Monday, April 17, 2006

I'm O.K., You're Biased - New York Times

I'm O.K., You're Biased - New York Times: "I'm O.K., You're Biased
By DANIEL GILBERT

Cambridge, Mass.

VERIZON had a pretty bad year in 2005, but its chief executive did fine. Although Verizon's earnings dropped by more than 5 percent and its stock fell by more than a quarter, he received a 48 percent increase in salary and compensation. This handsome payout was based on the recommendation of an independent consulting firm that relied on Verizon (and the chief executive's good will) for much of its revenue. When asked about this conflict of interest, the consulting firm explained that it had 'strict policies in place to ensure the independence and objectivity of all our consultants.'

Please stop laughing.

The person who made this statement was almost certainly sincere. Consultants believe they can make objective decisions about the companies that indirectly employ them, just as legislators believe that campaign contributions don't influence their votes.

Doctors scoff at the notion that gifts from a pharmaceutical company could motivate them to prescribe that company's drugs, and Supreme Court justices are confident that their legal opinions are not influenced by their financial stake in a defendant's business, or by their child's employment at a petitioner's firm. Vice President Dick Cheney is famously contemptuous of those who suggest that his former company received special consideration for government contracts.

Voters, citizens, patients and taxpayers can barely keep a straight face. They know that consultants and judges are human beings who are pulled by loyalties and pushed by animosities, and that drug reps and lobbyists are human beings who wouldn't be generous if generosity didn't pay dividends. Most people have been around people long enough to have a pretty good idea of what drives their decisions, and when decision-makers deny what seems obvious to the rest of us, the rest of us get miffed. Sell our democracy to the highest bidder, but don't insult our intelligence.
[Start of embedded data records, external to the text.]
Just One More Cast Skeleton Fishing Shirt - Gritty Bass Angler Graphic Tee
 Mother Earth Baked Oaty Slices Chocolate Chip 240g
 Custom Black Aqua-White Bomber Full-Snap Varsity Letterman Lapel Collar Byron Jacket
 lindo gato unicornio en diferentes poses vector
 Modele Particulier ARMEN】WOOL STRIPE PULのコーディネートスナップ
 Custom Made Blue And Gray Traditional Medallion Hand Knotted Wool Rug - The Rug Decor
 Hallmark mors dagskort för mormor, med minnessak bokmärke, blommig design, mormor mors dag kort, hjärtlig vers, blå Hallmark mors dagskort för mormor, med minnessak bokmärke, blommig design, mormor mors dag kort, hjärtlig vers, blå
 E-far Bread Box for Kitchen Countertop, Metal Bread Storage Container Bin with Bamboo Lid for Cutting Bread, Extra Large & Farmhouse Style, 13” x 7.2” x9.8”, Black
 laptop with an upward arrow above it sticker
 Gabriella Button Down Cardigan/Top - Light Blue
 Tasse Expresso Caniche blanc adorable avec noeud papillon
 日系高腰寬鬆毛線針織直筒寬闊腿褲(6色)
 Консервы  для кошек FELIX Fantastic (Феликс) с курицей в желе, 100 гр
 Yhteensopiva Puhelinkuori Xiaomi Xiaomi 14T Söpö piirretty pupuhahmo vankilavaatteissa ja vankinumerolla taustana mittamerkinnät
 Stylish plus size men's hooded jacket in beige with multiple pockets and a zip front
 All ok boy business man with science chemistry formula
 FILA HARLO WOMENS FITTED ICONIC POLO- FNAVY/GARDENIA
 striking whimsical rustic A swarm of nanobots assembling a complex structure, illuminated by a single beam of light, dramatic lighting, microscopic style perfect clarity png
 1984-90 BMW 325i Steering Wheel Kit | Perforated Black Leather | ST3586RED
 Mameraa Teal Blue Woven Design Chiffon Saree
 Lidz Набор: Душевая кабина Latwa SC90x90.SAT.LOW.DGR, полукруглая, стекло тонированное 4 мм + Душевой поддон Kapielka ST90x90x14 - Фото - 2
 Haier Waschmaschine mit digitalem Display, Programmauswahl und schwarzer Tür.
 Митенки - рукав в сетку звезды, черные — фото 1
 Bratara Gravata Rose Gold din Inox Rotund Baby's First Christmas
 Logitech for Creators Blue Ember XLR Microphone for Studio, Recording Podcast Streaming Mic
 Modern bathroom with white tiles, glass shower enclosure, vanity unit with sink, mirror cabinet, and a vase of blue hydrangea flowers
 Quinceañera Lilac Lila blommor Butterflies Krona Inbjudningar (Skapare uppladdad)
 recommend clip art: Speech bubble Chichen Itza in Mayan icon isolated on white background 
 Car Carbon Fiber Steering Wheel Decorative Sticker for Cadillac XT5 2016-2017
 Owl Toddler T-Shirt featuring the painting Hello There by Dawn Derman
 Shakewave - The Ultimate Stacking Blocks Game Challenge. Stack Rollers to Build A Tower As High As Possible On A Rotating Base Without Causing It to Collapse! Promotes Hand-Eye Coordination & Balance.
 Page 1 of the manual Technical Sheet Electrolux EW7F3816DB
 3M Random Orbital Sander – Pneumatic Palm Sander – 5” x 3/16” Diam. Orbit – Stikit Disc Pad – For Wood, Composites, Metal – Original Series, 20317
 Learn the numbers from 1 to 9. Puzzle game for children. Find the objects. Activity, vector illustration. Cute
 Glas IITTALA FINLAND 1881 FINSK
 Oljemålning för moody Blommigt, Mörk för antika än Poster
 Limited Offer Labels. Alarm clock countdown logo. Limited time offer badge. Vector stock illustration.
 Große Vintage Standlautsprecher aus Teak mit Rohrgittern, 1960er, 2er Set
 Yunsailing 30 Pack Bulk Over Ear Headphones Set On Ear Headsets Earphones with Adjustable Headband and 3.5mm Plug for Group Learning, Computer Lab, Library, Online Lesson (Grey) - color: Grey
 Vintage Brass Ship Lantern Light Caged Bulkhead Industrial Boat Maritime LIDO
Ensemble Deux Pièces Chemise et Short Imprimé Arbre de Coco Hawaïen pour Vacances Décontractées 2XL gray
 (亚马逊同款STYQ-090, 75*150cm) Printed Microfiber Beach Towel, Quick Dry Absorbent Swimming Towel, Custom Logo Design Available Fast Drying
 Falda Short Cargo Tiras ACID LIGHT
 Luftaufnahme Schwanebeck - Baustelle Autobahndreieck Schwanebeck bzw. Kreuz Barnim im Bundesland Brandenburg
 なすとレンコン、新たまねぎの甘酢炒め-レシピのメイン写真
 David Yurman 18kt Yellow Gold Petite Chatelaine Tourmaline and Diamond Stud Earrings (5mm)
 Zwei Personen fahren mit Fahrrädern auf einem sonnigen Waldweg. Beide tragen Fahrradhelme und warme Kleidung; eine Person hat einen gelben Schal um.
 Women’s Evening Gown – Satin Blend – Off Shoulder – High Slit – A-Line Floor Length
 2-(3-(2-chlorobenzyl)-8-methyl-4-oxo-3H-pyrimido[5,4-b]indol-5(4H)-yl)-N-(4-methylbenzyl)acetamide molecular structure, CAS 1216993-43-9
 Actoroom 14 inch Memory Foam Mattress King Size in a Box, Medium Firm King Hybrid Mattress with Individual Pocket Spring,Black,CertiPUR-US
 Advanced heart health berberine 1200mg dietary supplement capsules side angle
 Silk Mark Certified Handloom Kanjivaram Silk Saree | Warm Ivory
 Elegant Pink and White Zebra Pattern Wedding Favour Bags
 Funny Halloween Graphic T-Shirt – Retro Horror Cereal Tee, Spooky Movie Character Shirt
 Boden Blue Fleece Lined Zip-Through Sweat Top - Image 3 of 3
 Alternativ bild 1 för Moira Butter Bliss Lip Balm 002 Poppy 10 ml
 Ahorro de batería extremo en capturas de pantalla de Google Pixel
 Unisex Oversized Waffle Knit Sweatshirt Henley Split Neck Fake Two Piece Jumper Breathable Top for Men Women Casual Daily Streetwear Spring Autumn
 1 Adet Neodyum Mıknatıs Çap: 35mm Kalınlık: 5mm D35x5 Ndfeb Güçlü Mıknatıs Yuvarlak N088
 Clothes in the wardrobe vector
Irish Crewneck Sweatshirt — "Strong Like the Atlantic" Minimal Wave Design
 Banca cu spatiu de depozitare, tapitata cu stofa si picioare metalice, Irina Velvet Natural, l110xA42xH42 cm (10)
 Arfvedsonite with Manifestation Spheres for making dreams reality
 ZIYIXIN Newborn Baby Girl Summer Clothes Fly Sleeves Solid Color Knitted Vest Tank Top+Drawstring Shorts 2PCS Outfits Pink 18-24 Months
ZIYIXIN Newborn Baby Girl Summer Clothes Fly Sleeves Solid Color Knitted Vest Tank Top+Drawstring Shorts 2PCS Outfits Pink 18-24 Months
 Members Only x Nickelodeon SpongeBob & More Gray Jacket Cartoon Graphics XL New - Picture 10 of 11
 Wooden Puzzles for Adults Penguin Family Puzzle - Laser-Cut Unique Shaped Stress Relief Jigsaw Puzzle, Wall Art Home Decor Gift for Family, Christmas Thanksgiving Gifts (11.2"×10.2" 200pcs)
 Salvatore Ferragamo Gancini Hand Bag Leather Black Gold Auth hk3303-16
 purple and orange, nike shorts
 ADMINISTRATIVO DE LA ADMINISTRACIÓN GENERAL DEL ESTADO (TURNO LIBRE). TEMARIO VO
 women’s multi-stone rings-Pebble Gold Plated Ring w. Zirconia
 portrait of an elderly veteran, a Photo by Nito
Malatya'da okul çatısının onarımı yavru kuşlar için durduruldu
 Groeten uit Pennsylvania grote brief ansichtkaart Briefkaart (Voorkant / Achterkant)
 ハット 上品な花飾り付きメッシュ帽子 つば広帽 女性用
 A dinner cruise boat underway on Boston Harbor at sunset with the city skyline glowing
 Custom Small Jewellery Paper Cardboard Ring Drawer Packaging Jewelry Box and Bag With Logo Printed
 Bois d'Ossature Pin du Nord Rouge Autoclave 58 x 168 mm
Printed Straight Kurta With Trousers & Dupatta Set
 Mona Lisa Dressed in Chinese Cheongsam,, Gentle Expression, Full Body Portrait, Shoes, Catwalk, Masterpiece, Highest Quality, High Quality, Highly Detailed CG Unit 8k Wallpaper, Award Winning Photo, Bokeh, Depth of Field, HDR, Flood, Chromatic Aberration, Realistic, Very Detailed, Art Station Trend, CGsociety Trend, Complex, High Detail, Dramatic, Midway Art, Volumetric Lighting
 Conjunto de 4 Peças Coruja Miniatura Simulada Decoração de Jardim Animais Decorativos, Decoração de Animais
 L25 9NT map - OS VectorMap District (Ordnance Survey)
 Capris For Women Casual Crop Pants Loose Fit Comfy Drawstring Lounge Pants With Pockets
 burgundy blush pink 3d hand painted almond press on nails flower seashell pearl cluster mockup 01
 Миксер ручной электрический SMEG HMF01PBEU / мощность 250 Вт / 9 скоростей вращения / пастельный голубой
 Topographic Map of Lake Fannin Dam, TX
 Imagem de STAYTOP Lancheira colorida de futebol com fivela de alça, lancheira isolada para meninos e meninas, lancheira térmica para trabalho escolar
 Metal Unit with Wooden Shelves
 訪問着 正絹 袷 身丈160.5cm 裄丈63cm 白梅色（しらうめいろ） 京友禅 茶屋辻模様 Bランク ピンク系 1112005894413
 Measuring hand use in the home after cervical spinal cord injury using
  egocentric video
So who's right — the decision-makers who claim objectivity or the citizens who roll their eyes? Research suggests that decision-makers don't realize just how easily and often their objectivity is compromised. The human brain knows many tricks that allow it to consider evidence, weigh facts and still reach precisely the conclusion it favors.

When our bathroom scale delivers bad news, we hop off and then on again, just to make sure we didn't misread the display or put too much pressure on one foot. When our scale delivers good news, we smile and head for the shower. By uncritically accepting evidence when it pleases us, and insisting on more when it doesn't, we subtly tip the scales in our favor.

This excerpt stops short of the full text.